Photo: Yaron Brener
Hilton Beach. De facto or not it's a division, and there's something oddly un-kosher about it
Photo: Yaron Brener

Barriers planted in the sand

Op-ed: Whether by accident or by design, the demarcation at Tel Aviv's Hilton Beach keeps the homosexuals away from the religiously observant beach-goers on the other side; should such a barrier exist on, say, the Jersey Shore, you might call it what it is – segregation.

"So it’s tattoos and tight swimsuits over here, tefillin and Torah over there?" my visiting friend asked the first time I invited him to check out the slender arc of sand called Hilton Beach.



"Something like that," I said. At the midpoint there’s a sea barrier of sorts that begins onshore and extends a good ways out into the water. Fish can swim around it with ease, people with a bit more effort; but as a global beach specialist, I can see no practical function to the unsightly structure. Whether by accident or by design, however, it keeps the homosexual heathens away from the religiously observant and presumably non-homosexual beach-goers on the other side.


Should such a demarcation exist somewhere on, say, the Jersey Shore, you might call it what it is: Segregation. Or maybe you wouldn’t, because both sides seem reasonably content with the situation. Tourists are bemused by the sight of men and women sidling up to the water’s edge – on alternate days, of course – in what would appear to be a surfeit of schmatas, given the intensity of the Tel Aviv sun.


Hilton Beach during Pride Week. The whole place might be better off if folks of different stripes mixed it up a bit more (Photo: Omer Shalev)
Hilton Beach during Pride Week. The whole place might be better off if folks of different stripes mixed it up a bit more (Photo: Omer Shalev)


But de facto or not it is a division, and in human terms there's something oddly un-kosher about it. I know, as someone who didn’t grow up in the 972, that my telling Israelis there is something dysfunctional about a beach split in two on non-topographical grounds is a bit like an Israeli telling me that Kim Kardashian’s posterior splashed across the Internet telegraphs the wrong message about American popular culture.


But in the former case, the flip side of funky isn’t just another reality show you can switch on or off, but the entrenchment of facts on the ground that impedes an overdue national conversation.
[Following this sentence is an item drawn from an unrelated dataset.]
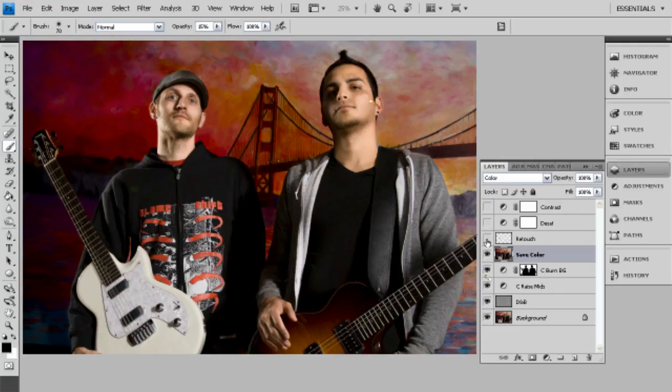Next we have a retouch layer. Not doing too much on the face, but as you can see if you look down over here, we went ahead and touched up Roy's pocket and also stamped out this little lens flare right here.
Absence of dialogue is a kind of pollution by omission, and can have damaging effects.


Would I draw a direct line between a city beach bifurcated and the senseless rampage of an Orthodox Jew at a Pride parade in Jerusalem? Absolutely not: A nut job is a nut job, regardless of political affiliation or sexual orientation, and recidivist tendencies in any perpetrator probably operate independently of various social pressures. That said, there is tension, and as inevitable as it may be in a country where being Jewish means different things to different Jews, it’s exacerbated by things like barriers planted in the sand.


When I suggested recently in an online forum that the Hilton Beach barrier be removed on aesthetic and other grounds (I came across an old photo of the beach pre-barrier), I got a taste of some Monica Lewinsky-caliber "cyber-bullying," mostly from young, self-styled Zionists who are quite sure that they have a lock on knowing all that’s best for the future of the State of Israel. There were the predictable shouts of "Haven’t the gays got enough of the beach for themselves already?" which wasn’t really my point – actually not the point at all.


True, in the case of Tel Aviv’s segregated beach, it can get a little cramped on the (unofficial) gay side. During Gay Pride, that petite spit of sand is packed tighter than a can of sardines, while over on the religious beach the holy/holier-than-thou crowd frolics in roomier, if overdressed, abandon. But that’s a quibble: Elbow room isn’t the issue and Tel Aviv’s beaches will never have the girth of Malibu’s. It’s that the whole place might be better off if folks of different stripes mixed it up a bit more, and you don’t have to be a multiculturalism Jedi to realize this.


More alarming was the wacky wellspring of comity toward the social media messages pumped out by the likes of Bayit Yehudi party honcho Naftali Bennett. And it’s a good thing people like that aren’t in charge. Because if they were, they could see how courting the religious right one day – and I’m not even talking about the so-called settlers here – means kowtowing to them the next. That doesn’t mean sanctioning random acts of violence and stupidity, but does it mean a de facto condoning of segregation on the ground, or even in the skies as some travelers on El Al may have noticed?


Whether you call such behavior petty or intolerant, it doesn’t reflect well on the reputation of the Middle East’s only democracy. It overheats everything. It messily steers the country away from integration, toward Destination "What’s up with that?"


Fanaticism may not have won out yet, but Israel needs to hear the wake-up call that America heard this summer: Like it or not, it’s 2015. When it comes to who to sit next to on a bus or who to commingle with at the beach (and also, what to wear there), the Torah simply isn’t the Bible. And God knows it’s hot enough out there already...right?